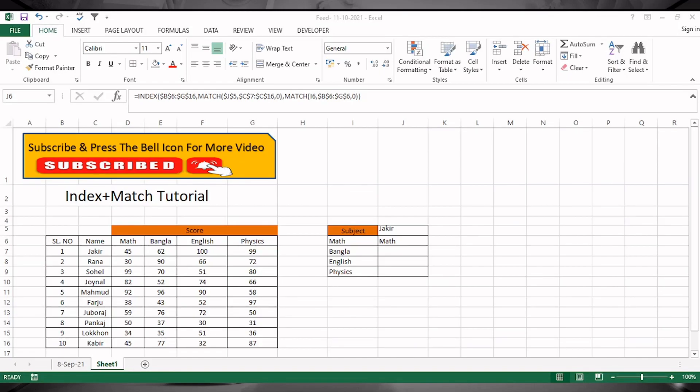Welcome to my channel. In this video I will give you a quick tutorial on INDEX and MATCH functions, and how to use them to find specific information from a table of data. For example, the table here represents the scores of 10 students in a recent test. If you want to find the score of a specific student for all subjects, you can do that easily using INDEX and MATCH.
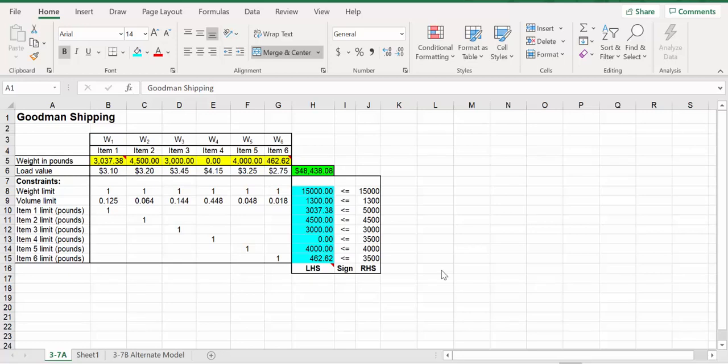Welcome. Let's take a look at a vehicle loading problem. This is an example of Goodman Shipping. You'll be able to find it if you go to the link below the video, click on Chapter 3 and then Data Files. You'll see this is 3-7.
────
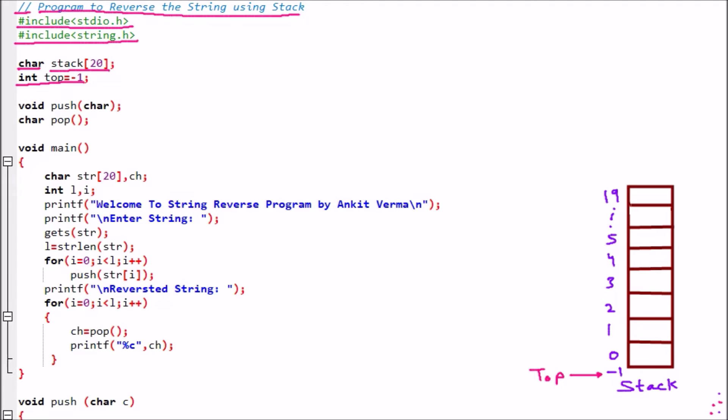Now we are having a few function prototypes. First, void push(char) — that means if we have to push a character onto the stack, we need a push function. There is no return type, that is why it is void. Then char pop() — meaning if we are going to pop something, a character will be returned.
────
> _Your objective_
Print everything from the line with "Welcome to my" down to the line with "Welcome. Let's take" in the entries above, both lines included and nothing more, without the pictures.

> _Answer for this exercise_
Welcome to my channel. In this video I will give you a quick tutorial on INDEX and MATCH functions, and how to use them to find specific information from a table of data. For example, the table here represents the scores of 10 students in a recent test. If you want to find the score of a specific student for all subjects, you can do that easily using INDEX and MATCH.
Welcome. Let's take a look at a vehicle loading problem. This is an example of Goodman Shipping. You'll be able to find it if you go to the link below the video, click on Chapter 3 and then Data Files. You'll see this is 3-7.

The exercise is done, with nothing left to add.